DATASET EXTRACT:
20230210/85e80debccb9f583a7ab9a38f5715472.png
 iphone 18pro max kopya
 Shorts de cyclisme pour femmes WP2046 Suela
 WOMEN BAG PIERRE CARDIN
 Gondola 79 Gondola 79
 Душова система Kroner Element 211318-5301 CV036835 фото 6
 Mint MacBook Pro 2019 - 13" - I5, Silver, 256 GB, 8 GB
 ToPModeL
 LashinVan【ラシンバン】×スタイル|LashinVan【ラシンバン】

THE TASK: Set down the entries verbatim, leaving none out.

SOLUTION FOR THIS TASK:
20230210/85e80debccb9f583a7ab9a38f5715472.png
 iphone 18pro max kopya
 Shorts de cyclisme pour femmes WP2046 Suela
 WOMEN BAG PIERRE CARDIN
 Gondola 79 Gondola 79
 Душова система Kroner Element 211318-5301 CV036835 фото 6
 Mint MacBook Pro 2019 - 13" - I5, Silver, 256 GB, 8 GB
 ToPModeL
 LashinVan【ラシンバン】×スタイル|LashinVan【ラシンバン】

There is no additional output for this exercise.